⟨

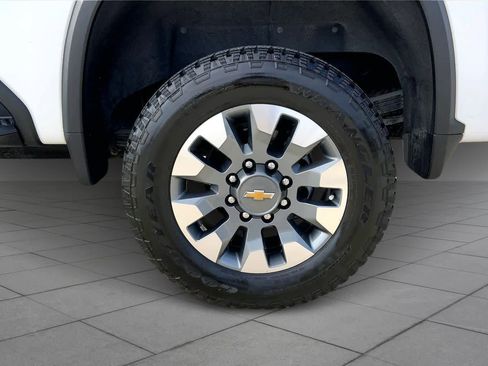 Used 2025 Chevrolet Silverado 2500 LT w/ Texas Edition image 21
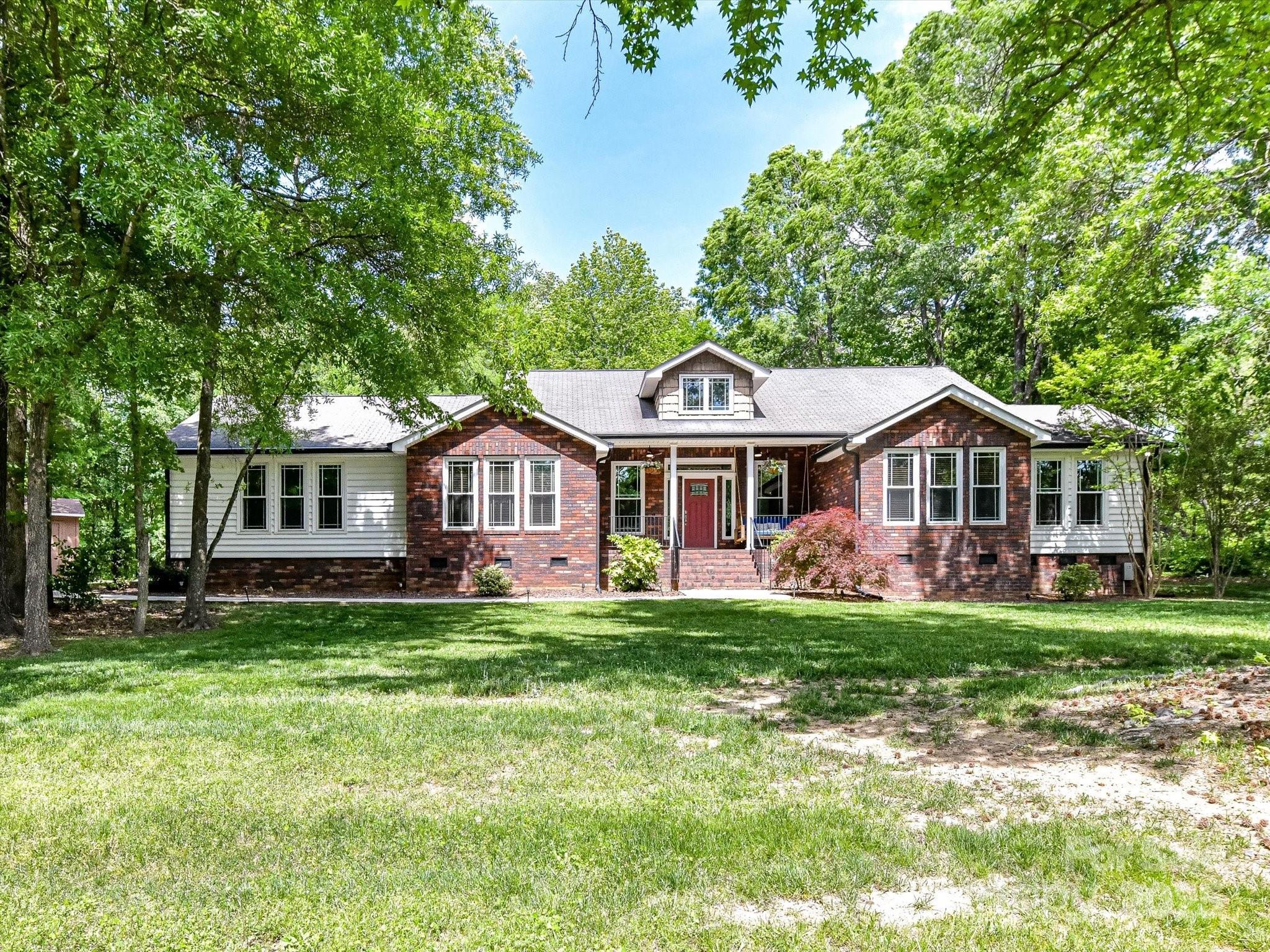 Photo one of 4301 Middle Stream Rd Charlotte NC 28213 | MLS 4249446
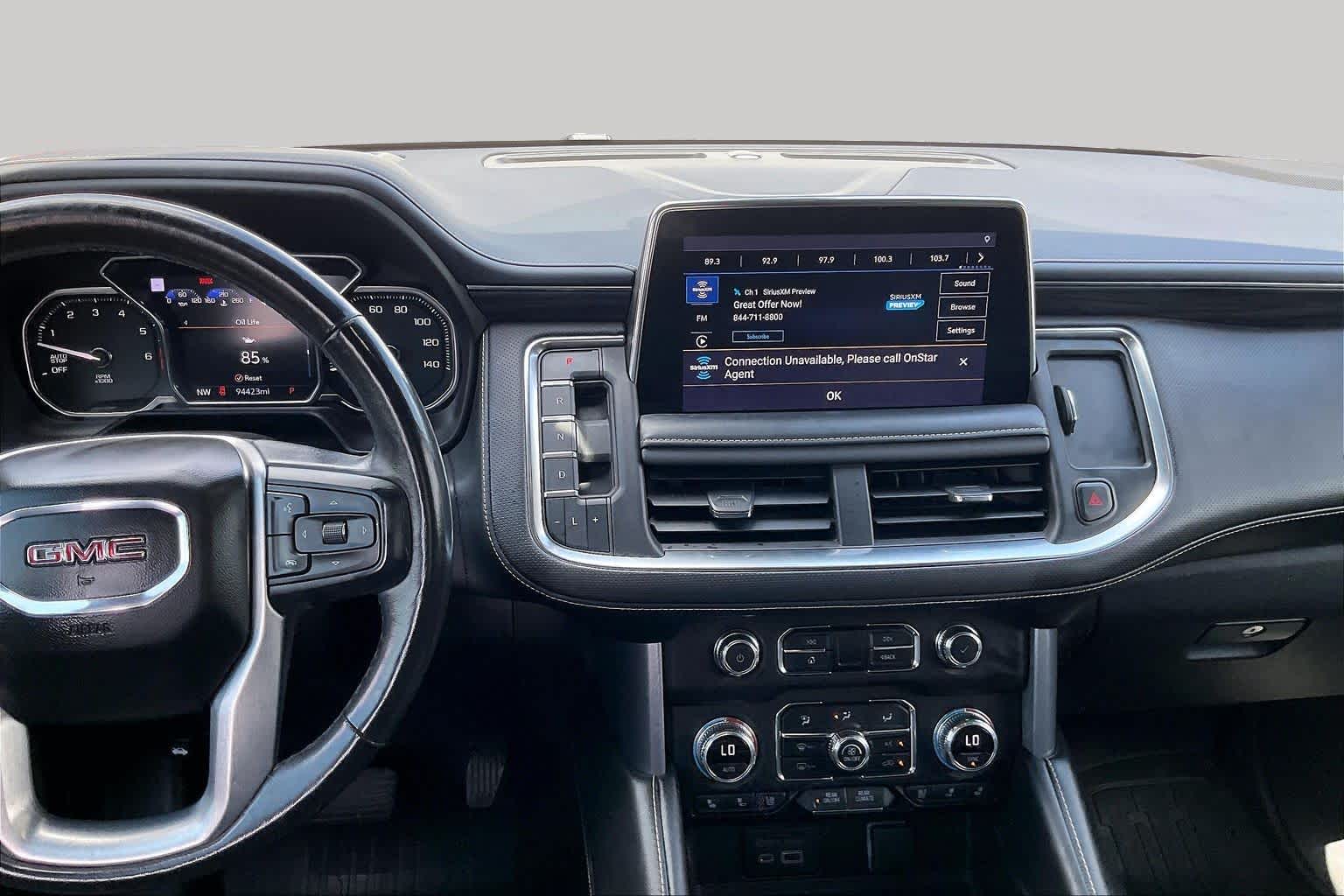Used 2021 WHITE FROST TRICOAT GMC SLT image 7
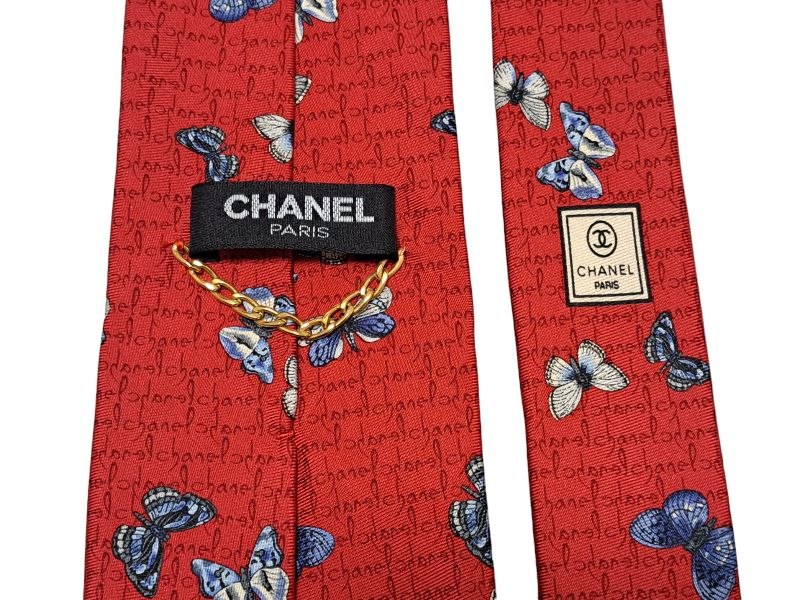 シャネル ネクタイ ロゴ 蝶 レッド 昆虫 レッド シルク 100％ CHANEL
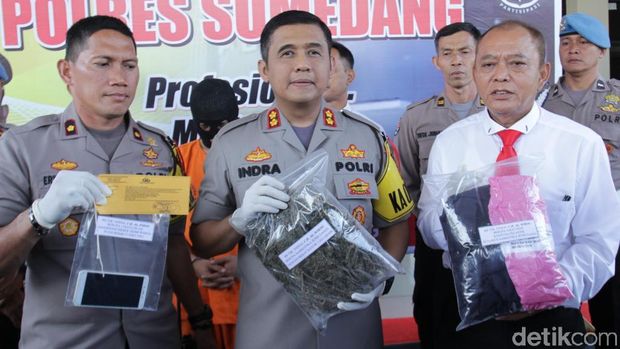 Polisi Tangkap Tukang Tato Penerima Ganja 1,4 Kg Via PT Pos Sumedang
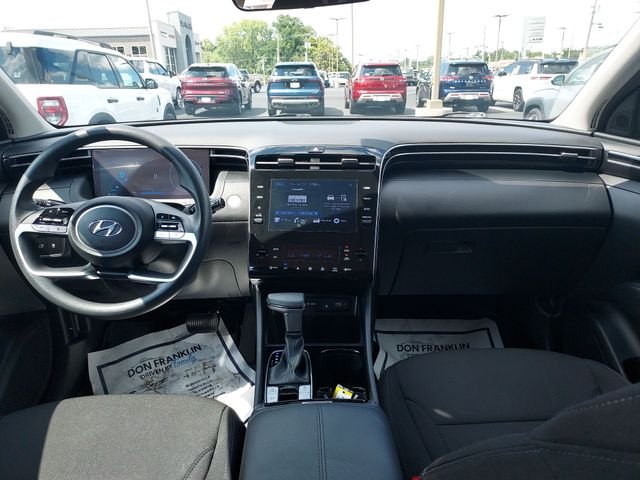 Used 2024 Silver Hyundai SEL image 15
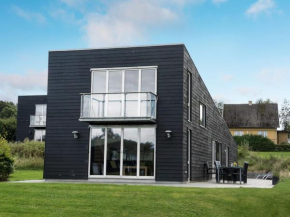 Holiday Home Lyly - 100m from the sea by Interhome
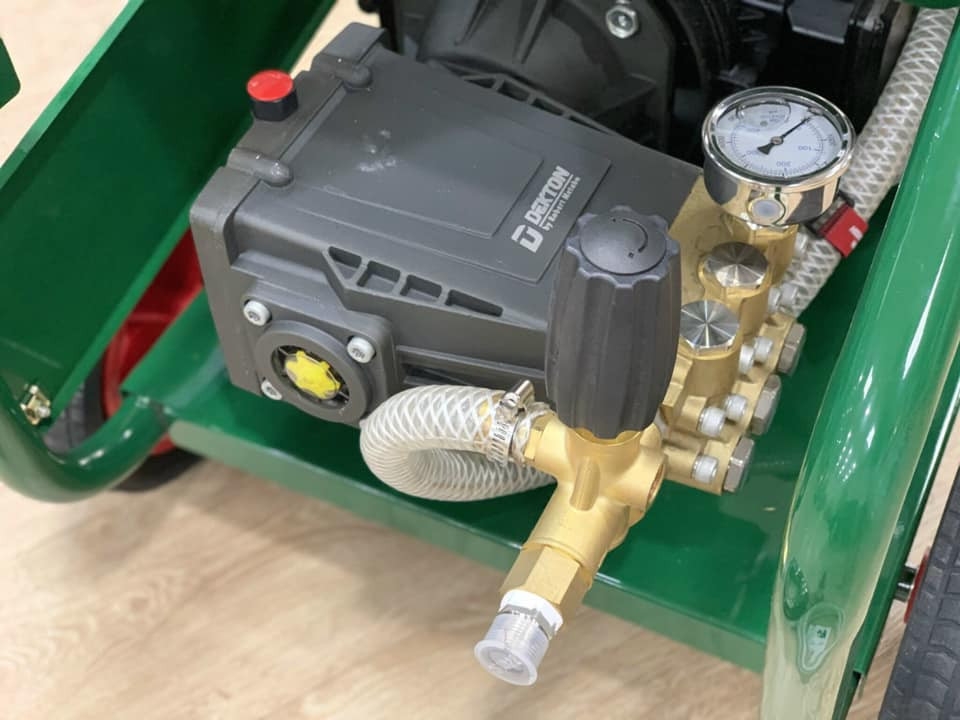 Máy Rửa Xe Cao Áp Dekton 7.5Kw DK-HPW7500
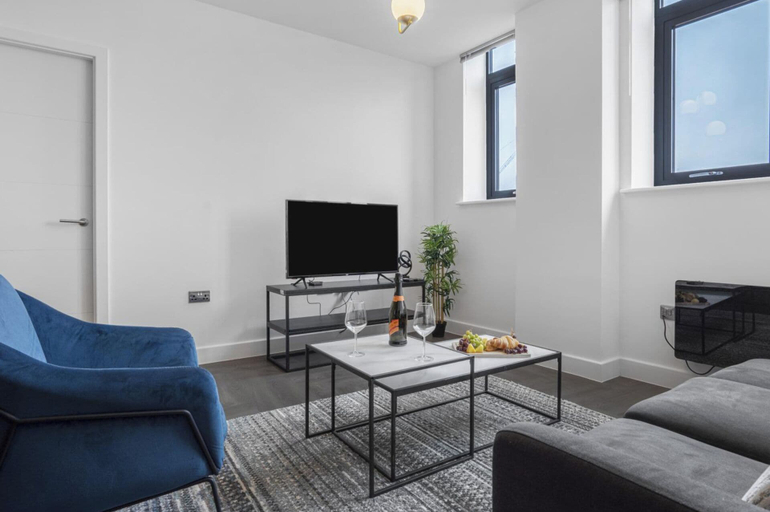 Others 4, Lovely 2-bed Apartment in Birmingham, Birmingham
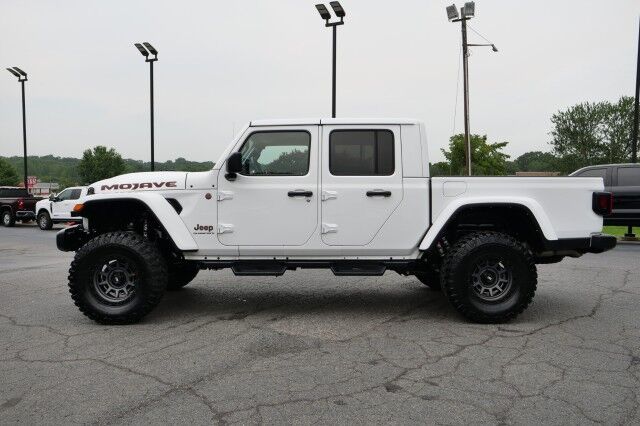 2023 Jeep Gladiator Mojave 4X4 / By Pass Shocks / Leather Seats / Wheels & Tires! High Point NC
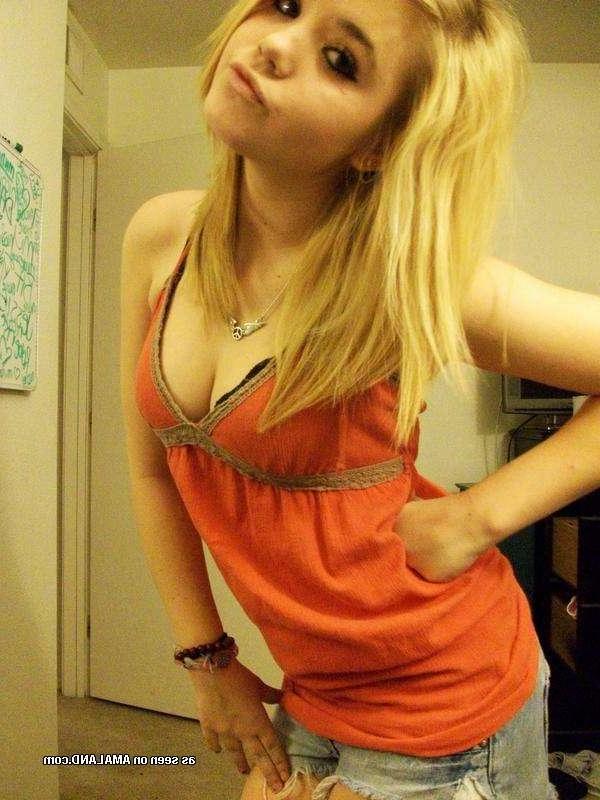 15P Self-shooting amateur blondes posing non nude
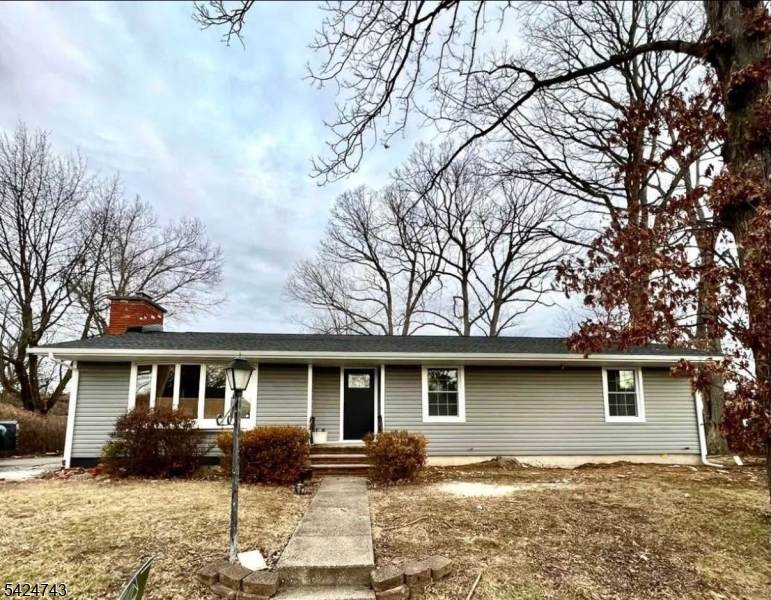 8 Wilcox Ave - Photo 1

⟩

§ YOUR INSTRUCTIONS
Transcribe the whole listing above exactly and leave out the pictures.

§ FINAL ANSWER
 Used 2025 Chevrolet Silverado 2500 LT w/ Texas Edition image 21
 Photo one of 4301 Middle Stream Rd Charlotte NC 28213 | MLS 4249446
Used 2021 WHITE FROST TRICOAT GMC SLT image 7
 シャネル ネクタイ ロゴ 蝶 レッド 昆虫 レッド シルク 100％ CHANEL
 Polisi Tangkap Tukang Tato Penerima Ganja 1,4 Kg Via PT Pos Sumedang
 Used 2024 Silver Hyundai SEL image 15
 Holiday Home Lyly - 100m from the sea by Interhome
 Máy Rửa Xe Cao Áp Dekton 7.5Kw DK-HPW7500
 Others 4, Lovely 2-bed Apartment in Birmingham, Birmingham
 2023 Jeep Gladiator Mojave 4X4 / By Pass Shocks / Leather Seats / Wheels & Tires! High Point NC
 15P Self-shooting amateur blondes posing non nude
 8 Wilcox Ave - Photo 1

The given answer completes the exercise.